§ **Action item**
For this exercise, copy the data exactly and omit any images.

§ **Given data**
============
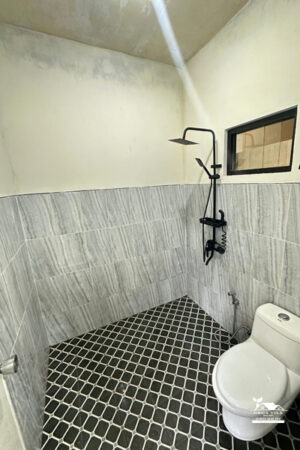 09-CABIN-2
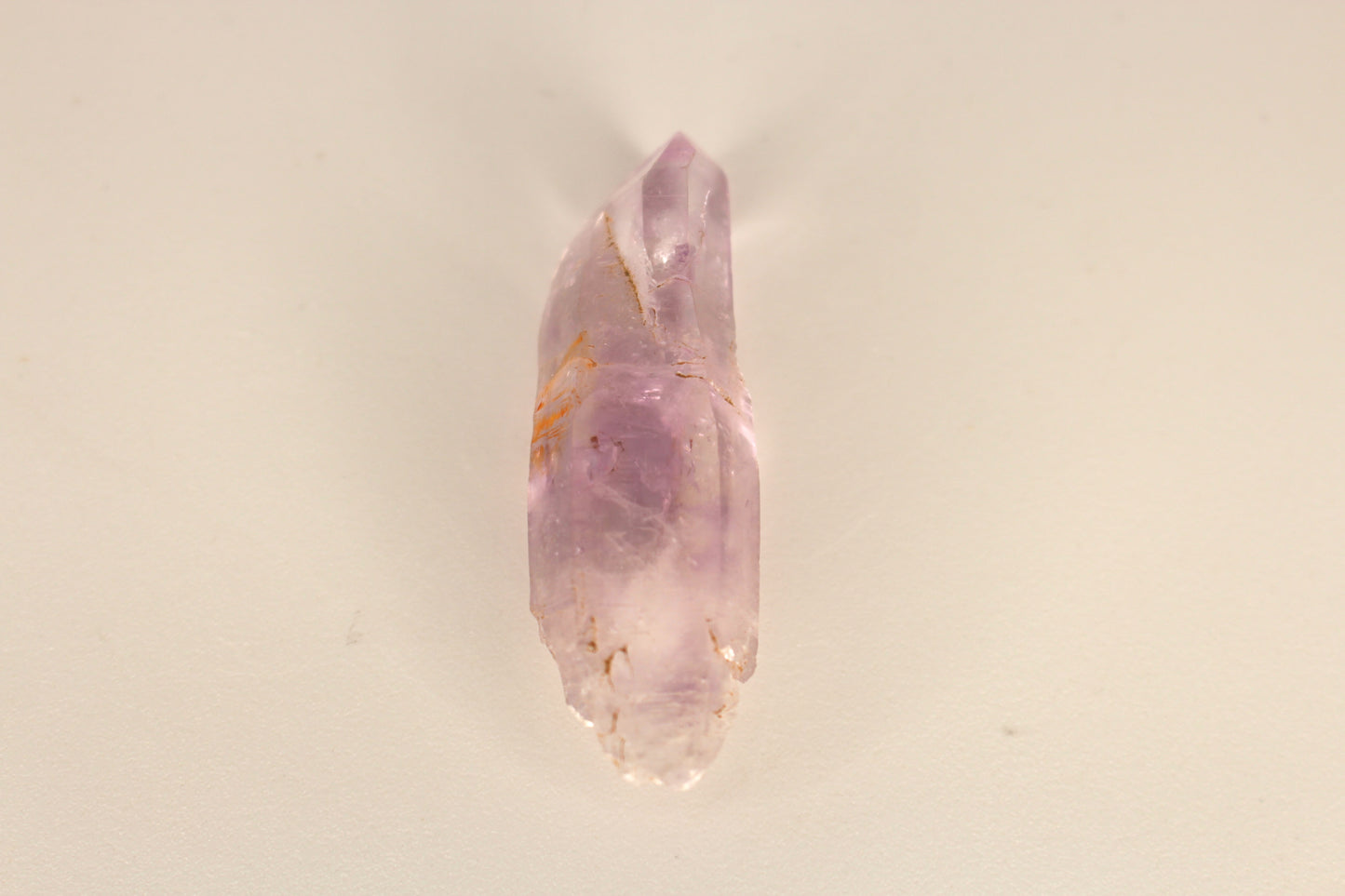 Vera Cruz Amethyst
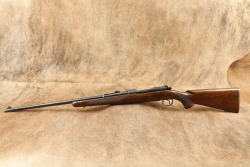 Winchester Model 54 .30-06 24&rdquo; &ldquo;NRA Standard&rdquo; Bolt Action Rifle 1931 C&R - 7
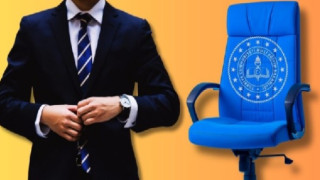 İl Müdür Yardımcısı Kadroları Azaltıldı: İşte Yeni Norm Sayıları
============
§ **Problem solution**
 09-CABIN-2
 Vera Cruz Amethyst
 Winchester Model 54 .30-06 24&rdquo; &ldquo;NRA Standard&rdquo; Bolt Action Rifle 1931 C&R - 7
 İl Müdür Yardımcısı Kadroları Azaltıldı: İşte Yeni Norm Sayıları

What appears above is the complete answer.